The Inconvenient Individualism of Frederick Douglass

Thu, 15 Feb 2018 08:45:00 -0500

(image) The Yale historian David Blight marked Frederick Douglass' 200th birthday yesterday with a New York Times op-ed headlined "How the Right Co-Opts Frederick Douglass." The article argues that "Conservatives have cherry-picked his words to advance their narrow visions of libertarianism." Aside from a passing reference to some GOPers wearing "Frederick Douglass Was a Republican" buttons, Blight's one example is the libertarian writer Timothy Sandefur:

In "Self-Made Man," a new book published by the Cato Institute, the lawyer Timothy Sandefur argues that Douglass's essential legacy lies in his advocacy of liberty, individualism and private property and free enterprise. The radical abolitionist who risked all to use words and politics to free an entire people from slavery was, to Mr. Sandefur, only "a radical for individualism" and never concerned with "the interests of the collective."

To believe that, one has to ignore most of Douglass's career, especially his life as an abolitionist, his ferocious attacks on the poison of racism and his brilliant analysis of how lynching emerged from the evils of white supremacy. Douglass believed that freedom was safe only within the state and under law.

Needless to say, there is no contradiction between being "a radical for individualism" and being an abolitionist, an anti-racist, and a man who saw the links between lynching and white rule. And yes, Douglass believed government is necessary to protect freedom; unlike some of his fellow abolitionists, he did not want to abolish the state. But that hardly disqualifies him from being an individualist.

The beliefs that Blight lists may be harder to square with the idea that Douglass was "never concerned with 'the interests of the collective.'" But that isn't what Sandefur wrote. Here is the actual passage from his book:

Douglass was not, therefore, a conservative but a radical—a radical for individualism and for the 'bourgeois virtues' of self-reliance, industry, and personal pride. He was not likely to be attracted to any doctrine that subordinated individual rights—whether free speech or property rights—to the interests of the collective.

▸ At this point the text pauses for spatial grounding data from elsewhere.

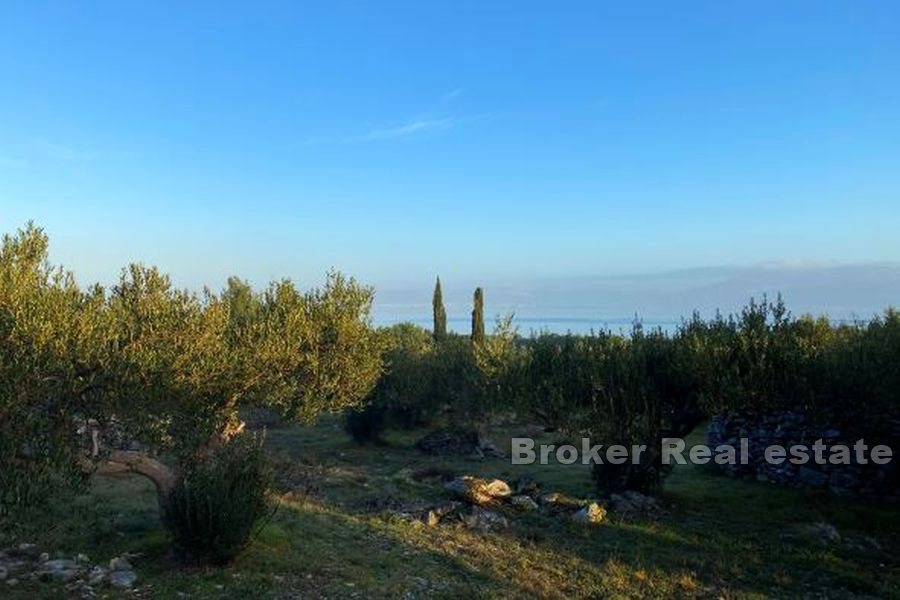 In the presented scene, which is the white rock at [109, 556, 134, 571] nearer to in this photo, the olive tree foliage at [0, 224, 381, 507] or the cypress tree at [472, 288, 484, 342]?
the olive tree foliage at [0, 224, 381, 507]

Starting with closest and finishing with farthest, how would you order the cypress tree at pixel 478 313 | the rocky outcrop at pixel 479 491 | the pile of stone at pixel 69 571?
the pile of stone at pixel 69 571
the rocky outcrop at pixel 479 491
the cypress tree at pixel 478 313

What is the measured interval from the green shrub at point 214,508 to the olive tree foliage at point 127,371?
0.59 meters

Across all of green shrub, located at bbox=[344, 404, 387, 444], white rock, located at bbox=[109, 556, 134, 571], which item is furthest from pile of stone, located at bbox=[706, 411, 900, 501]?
white rock, located at bbox=[109, 556, 134, 571]

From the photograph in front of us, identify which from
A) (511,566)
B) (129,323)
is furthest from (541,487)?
(129,323)

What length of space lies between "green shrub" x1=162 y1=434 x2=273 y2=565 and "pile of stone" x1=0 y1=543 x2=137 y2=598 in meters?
0.91

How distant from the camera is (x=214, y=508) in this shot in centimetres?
1116

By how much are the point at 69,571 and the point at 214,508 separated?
230cm

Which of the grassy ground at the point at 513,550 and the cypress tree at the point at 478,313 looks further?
the cypress tree at the point at 478,313

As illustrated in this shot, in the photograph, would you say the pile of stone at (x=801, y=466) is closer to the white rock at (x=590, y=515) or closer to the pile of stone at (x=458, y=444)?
the white rock at (x=590, y=515)

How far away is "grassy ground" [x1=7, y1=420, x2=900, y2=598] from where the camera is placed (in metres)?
11.2

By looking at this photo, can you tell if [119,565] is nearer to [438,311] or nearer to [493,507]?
[493,507]

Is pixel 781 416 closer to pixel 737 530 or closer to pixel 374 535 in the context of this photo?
pixel 737 530

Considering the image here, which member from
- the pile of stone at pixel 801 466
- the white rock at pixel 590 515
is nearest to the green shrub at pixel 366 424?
the pile of stone at pixel 801 466

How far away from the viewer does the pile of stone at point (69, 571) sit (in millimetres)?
10495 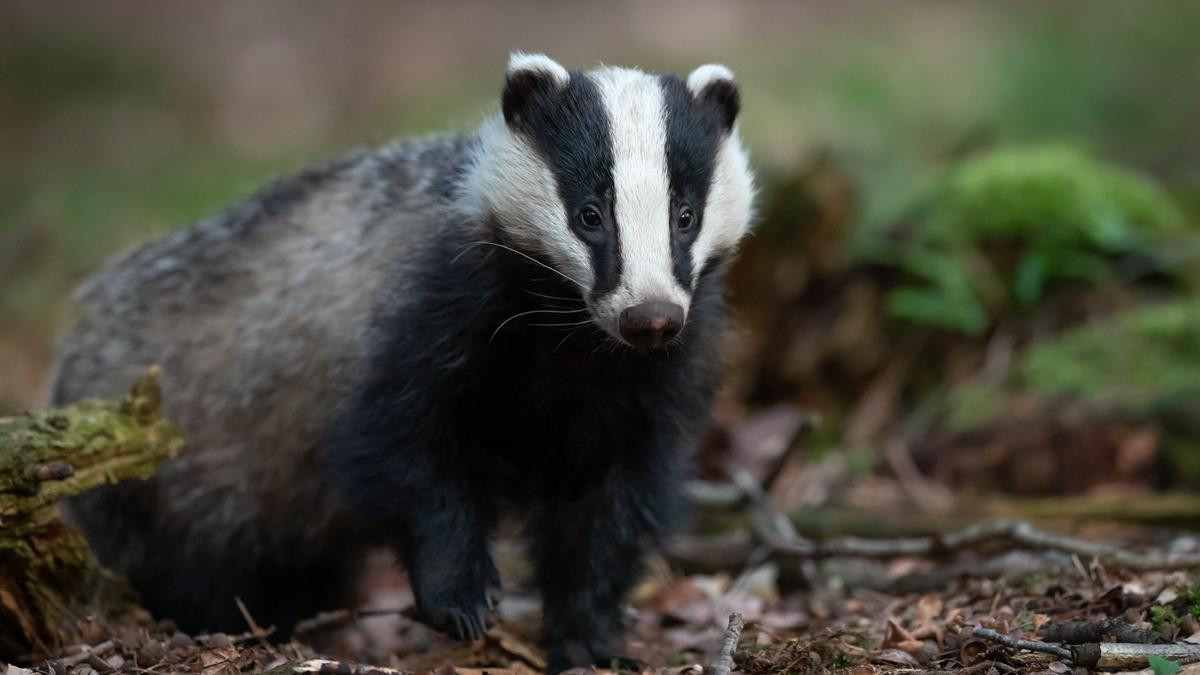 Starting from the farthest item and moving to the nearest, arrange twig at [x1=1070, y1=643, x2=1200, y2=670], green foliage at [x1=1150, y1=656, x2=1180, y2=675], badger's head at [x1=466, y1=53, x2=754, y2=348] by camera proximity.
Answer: badger's head at [x1=466, y1=53, x2=754, y2=348], twig at [x1=1070, y1=643, x2=1200, y2=670], green foliage at [x1=1150, y1=656, x2=1180, y2=675]

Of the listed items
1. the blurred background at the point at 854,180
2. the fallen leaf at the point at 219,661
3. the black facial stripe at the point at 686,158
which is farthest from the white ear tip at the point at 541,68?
the fallen leaf at the point at 219,661

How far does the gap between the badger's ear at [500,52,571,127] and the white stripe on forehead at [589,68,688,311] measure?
14 centimetres

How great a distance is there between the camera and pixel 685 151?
13.3 ft

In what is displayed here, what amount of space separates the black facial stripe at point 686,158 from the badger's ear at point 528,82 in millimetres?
351

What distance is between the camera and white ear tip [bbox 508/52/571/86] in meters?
4.16

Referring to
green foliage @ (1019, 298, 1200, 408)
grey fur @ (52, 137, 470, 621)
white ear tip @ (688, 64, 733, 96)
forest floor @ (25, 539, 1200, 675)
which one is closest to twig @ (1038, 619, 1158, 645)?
forest floor @ (25, 539, 1200, 675)

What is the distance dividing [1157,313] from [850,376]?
5.39ft

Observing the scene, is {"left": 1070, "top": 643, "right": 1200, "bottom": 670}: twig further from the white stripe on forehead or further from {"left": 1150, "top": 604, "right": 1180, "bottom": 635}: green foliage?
the white stripe on forehead

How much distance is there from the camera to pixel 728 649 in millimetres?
3533

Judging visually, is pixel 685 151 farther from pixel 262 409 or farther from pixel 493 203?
pixel 262 409

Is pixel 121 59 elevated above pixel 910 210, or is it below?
above

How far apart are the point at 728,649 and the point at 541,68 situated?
188 centimetres

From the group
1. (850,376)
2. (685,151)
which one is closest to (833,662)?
(685,151)

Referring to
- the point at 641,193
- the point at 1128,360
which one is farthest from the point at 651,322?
the point at 1128,360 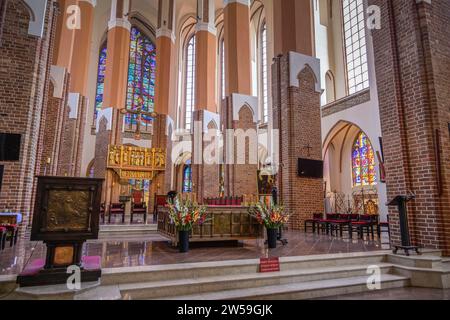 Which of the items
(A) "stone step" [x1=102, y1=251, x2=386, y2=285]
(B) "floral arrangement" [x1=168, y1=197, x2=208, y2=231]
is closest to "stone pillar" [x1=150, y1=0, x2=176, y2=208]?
(B) "floral arrangement" [x1=168, y1=197, x2=208, y2=231]

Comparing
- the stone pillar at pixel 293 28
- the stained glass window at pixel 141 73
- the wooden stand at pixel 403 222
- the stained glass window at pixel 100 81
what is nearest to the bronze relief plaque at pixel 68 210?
the wooden stand at pixel 403 222

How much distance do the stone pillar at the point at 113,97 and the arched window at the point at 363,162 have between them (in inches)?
524

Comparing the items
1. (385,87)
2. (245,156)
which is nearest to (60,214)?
(385,87)

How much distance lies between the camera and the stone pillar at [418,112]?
5008 mm

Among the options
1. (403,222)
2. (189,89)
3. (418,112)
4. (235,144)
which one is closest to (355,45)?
(235,144)

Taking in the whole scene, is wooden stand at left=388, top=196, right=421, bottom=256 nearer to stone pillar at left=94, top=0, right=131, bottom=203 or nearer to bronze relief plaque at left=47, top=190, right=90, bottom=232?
bronze relief plaque at left=47, top=190, right=90, bottom=232

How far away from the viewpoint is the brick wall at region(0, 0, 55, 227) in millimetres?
6188

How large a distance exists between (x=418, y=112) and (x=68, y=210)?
604cm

Needless to say, there is a vast difference between saying someone didn't want to subordinate individual rights to the collective and saying he was "never concerned with the interests of the collective." Also, if a passage explicitly denies that Douglass was a conservative, you probably shouldn't make it the lynchpin of your argument that conservatives are trying to co-opt Douglass. And if you're going to gerrymander a man's words this misleadingly, you may want to refrain from accusing anyone else of cherry-picking. It's unseemly.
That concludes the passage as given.